INFORMATION SUPPLIED
=== Section Start ===

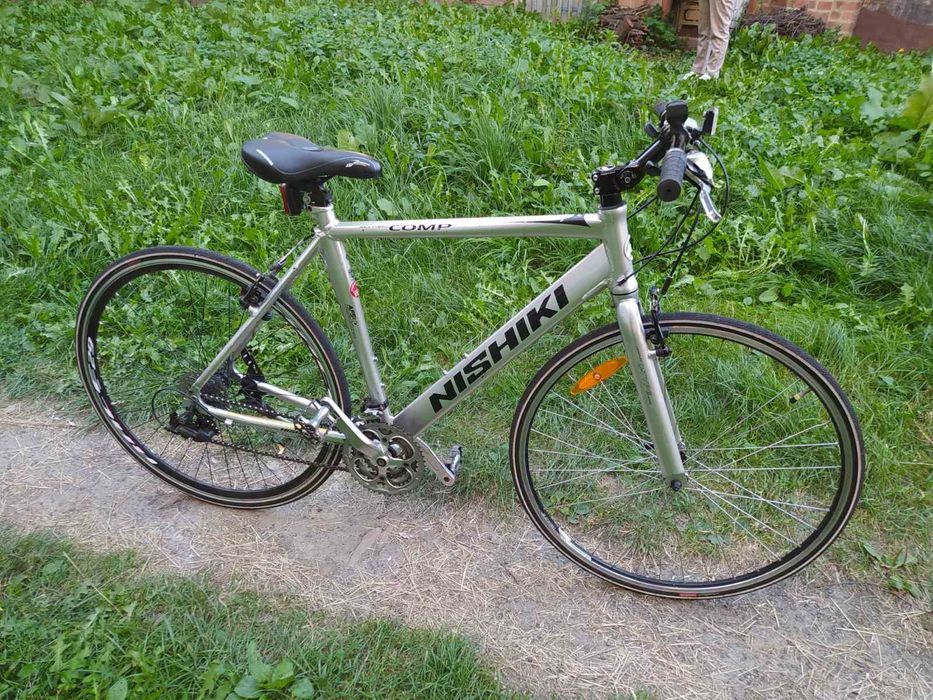 Велосипед Nishiki shimano алюмінієва легка рама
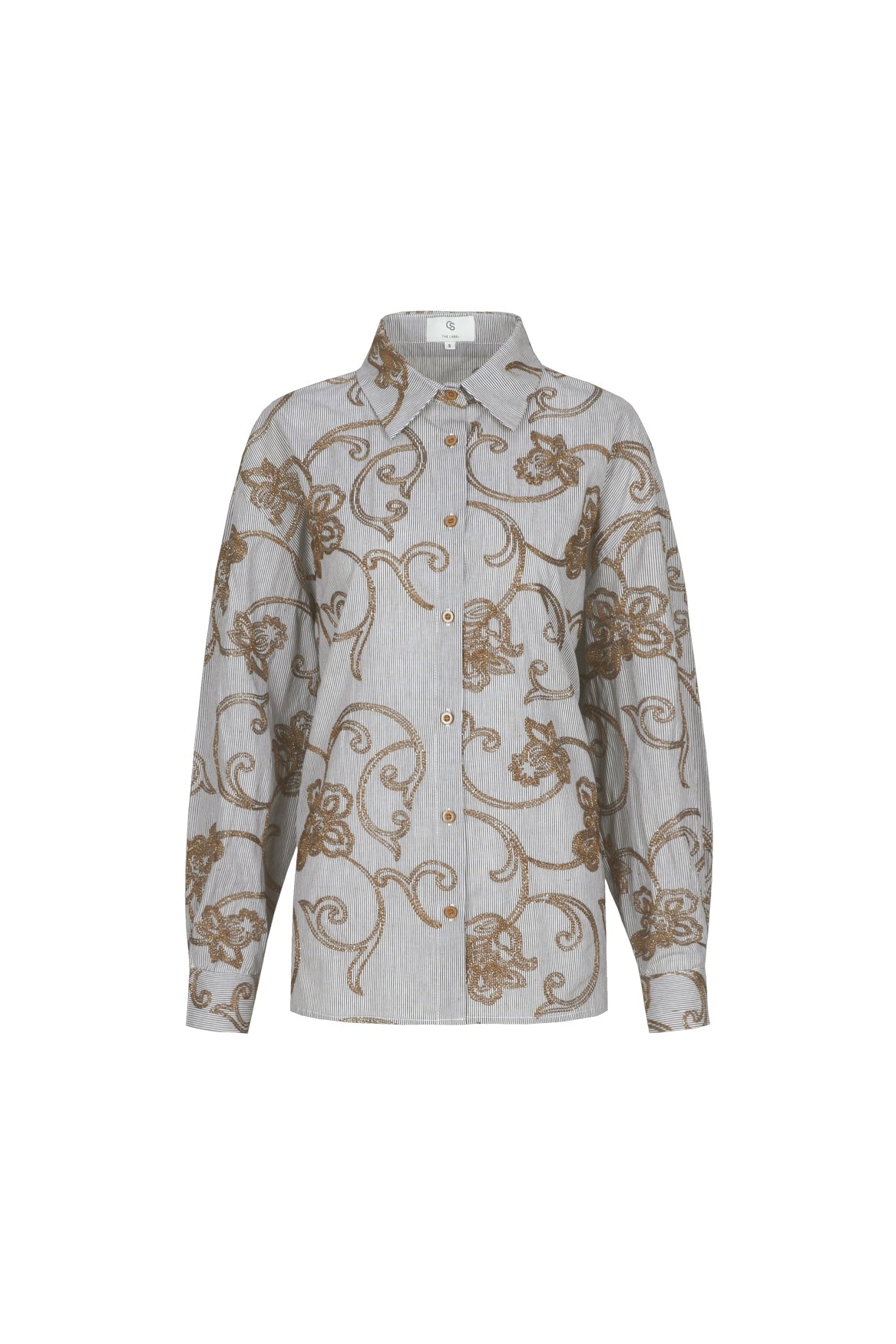 C&S The Label Lot blouse Bruin - OAK Fashion Noordwolde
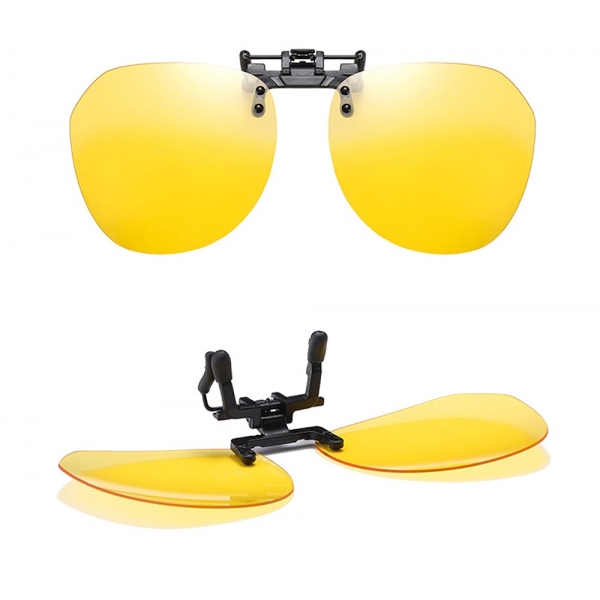 Żółte Rozjaśniające Nakładki na okulary korekcyjne z polaryzacją NA-203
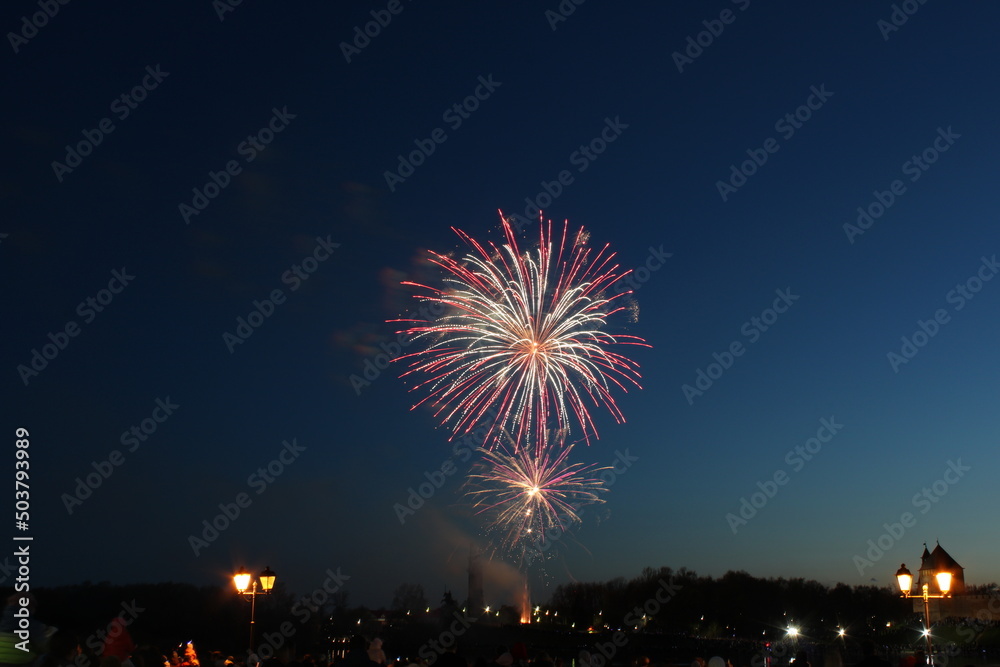 fireworks over the river fireworks over the river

=== Section End ===

WORK INSTRUCTIONS
Transcribe exactly the line containing "C&S The Label" and every line after it through the end of the listing above; pictures are not part of the copy.

RESULT
 C&S The Label Lot blouse Bruin - OAK Fashion Noordwolde
 Żółte Rozjaśniające Nakładki na okulary korekcyjne z polaryzacją NA-203
 fireworks over the river fireworks over the river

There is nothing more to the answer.